Polithon will host the Florida Student Association (FSA), a non-partisan organization, on September 26 and 27. The focus for the 36 representatives – 3 students from each public university – will be to find common ground and draft a one-page proposal for the state legislature, Calatayud said.
Higher education has been a hot button issue among Florida lawmakers. The U.S. Department of Education’s Office for Civil Rights found “insufficient evidence of a legal violation” in a December 2014 decision.
Governor Rick Scott was criticized by state democrats in January after he proposed to expand the Bright Futures Scholarship by $23.5 million to cover summer classes. Scott, who saved the state over $200 million by increasing eligibility for the scholarship, failed to address how the cutback disproportionately affected some students in his plan.
In terms of college attainment for minority students, Calatayud said, “The biggest obstacle is money.”
Attainment rates for African Americans are as low as 27 percent with Native American at 23 percent and Latino Americans at 20 percent. 2013 showed that, at almost 60 percent, Asian Americans had the highest attainment rate; whites were second with 44 percent.
Trends show, nationally and statewide, that college attainment is slowly improving, but not enough.
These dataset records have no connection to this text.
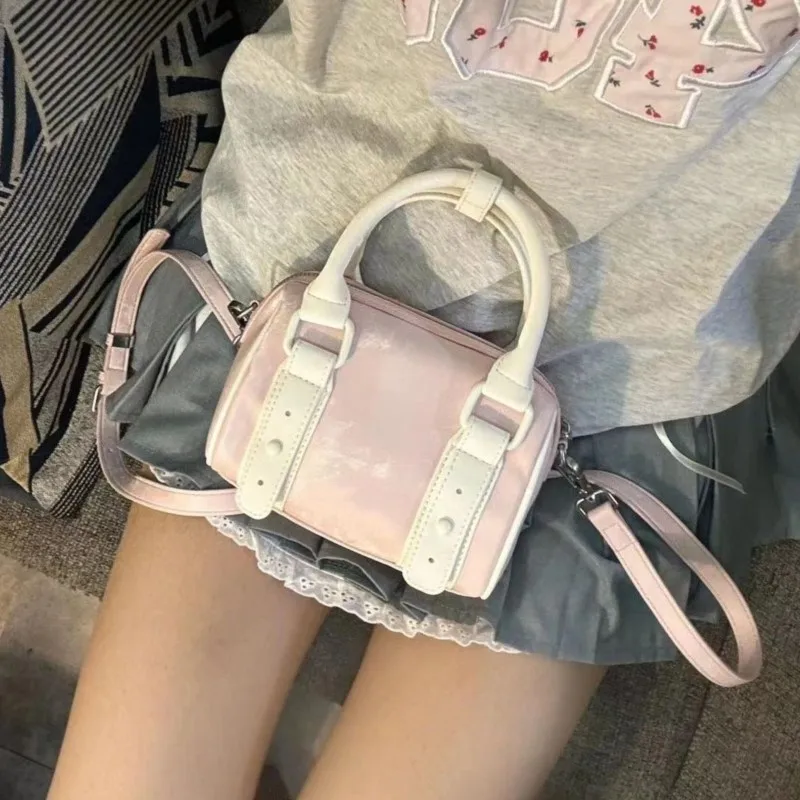 

JIAERDI милая милая сумка Boston женская изысканная компактная розовая сумка женская спортивная яркая повседневная сумка через плечо шикарная 2025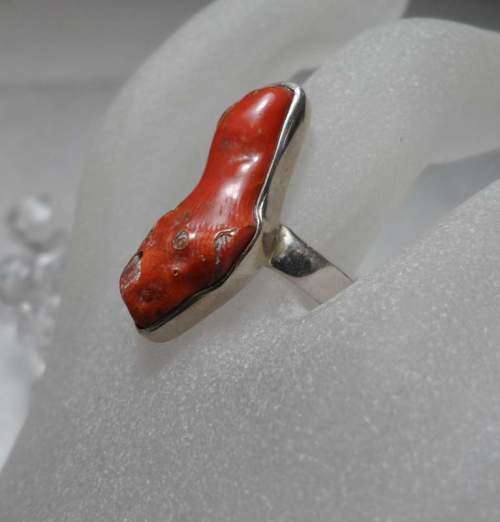 GENUINE RED CORAL SET IN SOLID STERLING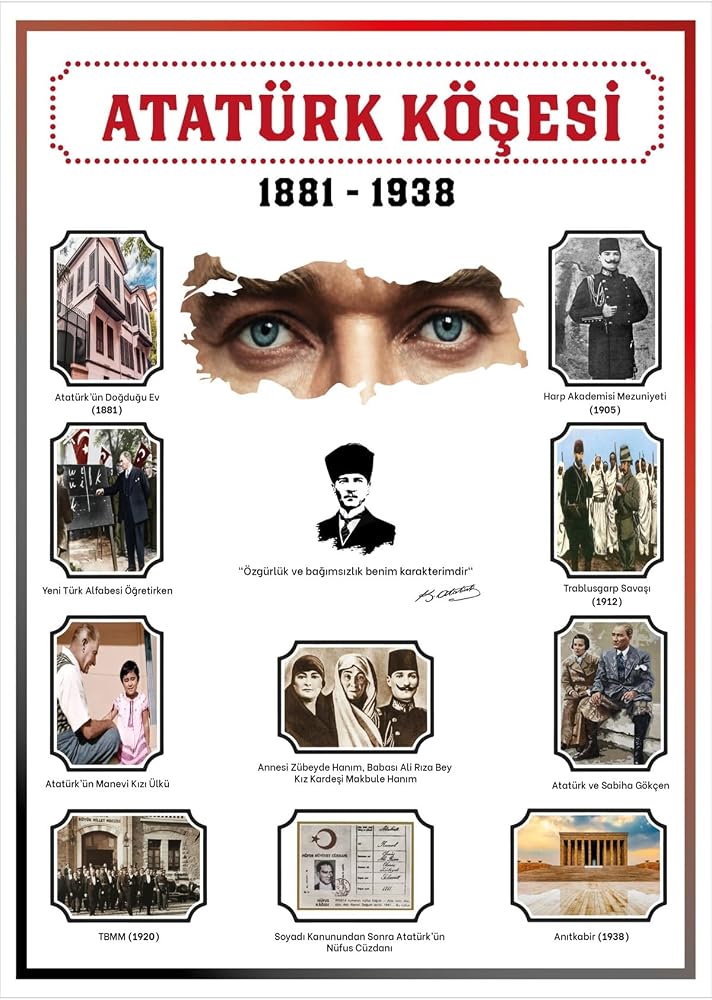 Atatürk Köşesi 50x70 Premium Branda Baskı, Okul branda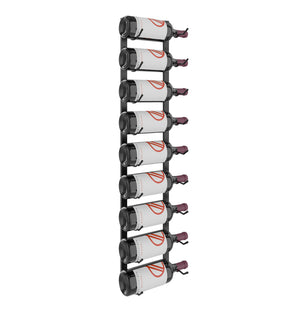 Wall wine bottle rack holding white wine bottles with dark metal bottle holders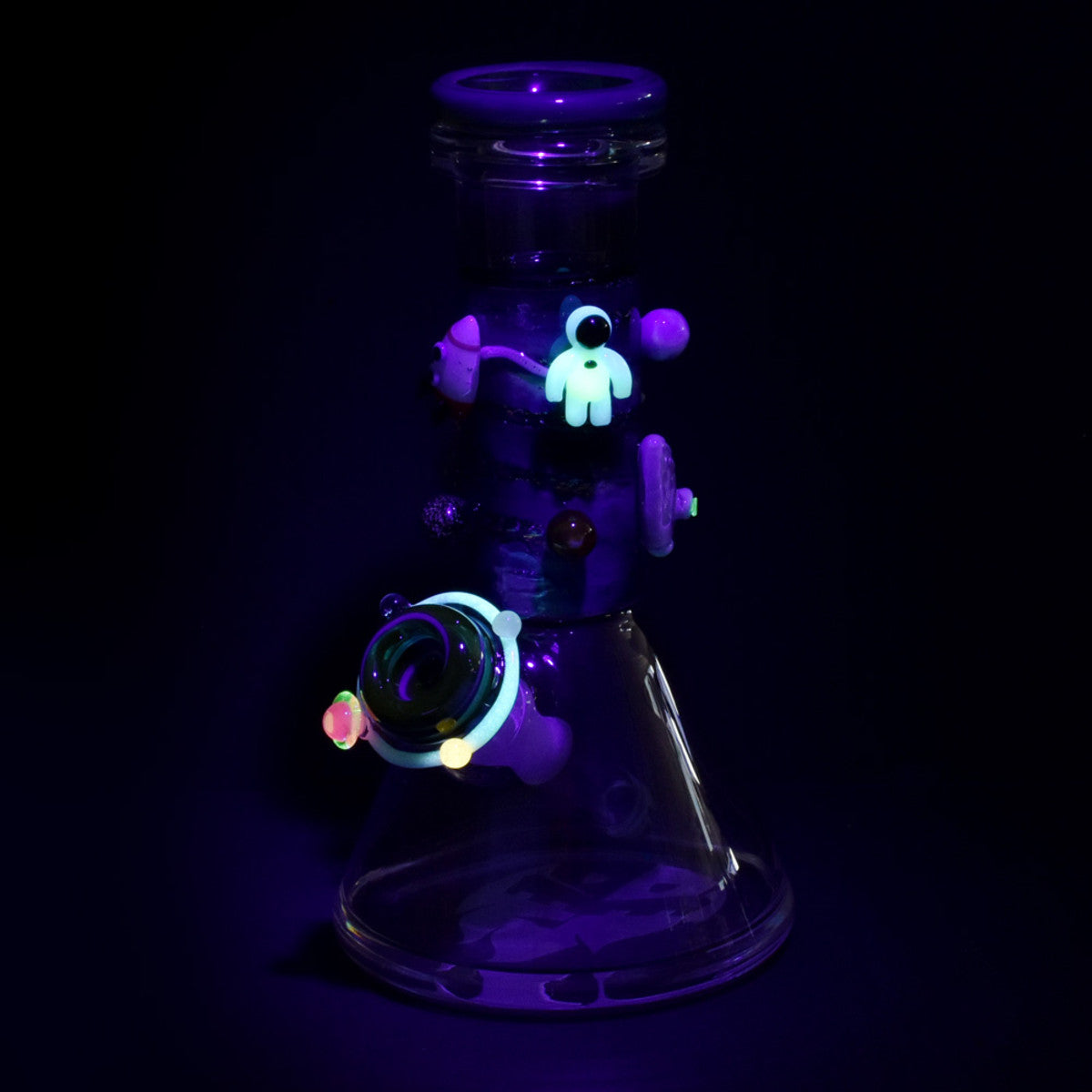 empire glassworks galaxy baby beaker water pipe uv glass bong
According to the Lumina Foundation, a higher-ed advocacy group, by 2020, two thirds of all jobs will require post-secondary education.
“By current levels, we will only produce a workforce where only 45 percent have degrees,” Calatayud said. “Florida needs more educated people.” Added cuts to financial aid will take the University’s graduation rate of 54 percent and make a college degree even tougher, she said.
State projections predicted that an estimated 116,000 students received about $260 million in scholarships for the 2015-16 year. That’s 10 percent less than 2014-15 and 24 percent less than the 2013-14 year. “We just need to help the people in the system graduate,” Calatayud said.
While tuition rates have increased over 67 percent since the Great Recession in Florida’s public four-year universities, a report by Young Invincibles cited a dramatic decrease in the Bright Futures program.
“In 2010, Florida allocated $424 million to Bright Futures. In 2015, the legislature allocated only $266 million, a 37 percent cut,” the report said. “The program used to cover one out of every three students. Today, it covers only one in eight.”
SGA Lobbying Coordinator Juan Gilces said state legislatures also spend tax dollars to help students at private universities pay for school. He said public grants for private school has recently been increased.
Gilces, who will join Calatayud and Senate Speaker Alian Callazo in Tallahassee, said public universities need to be the priority but the financial aid discussion an issue about fairness.
“We’re all just coming together as students to address the issues, but private institutions have done this before. They have little more experience in this,” Gilces said. “Private institutions have a strong” – especially in lobbying – “presence in Tallahassee.”
The next step for Calatayud, who was voted internal vice chair for FSA last spring, is to take a state progress report to a national level.
“We need to think big,” Calatayud said. “We can think bold.”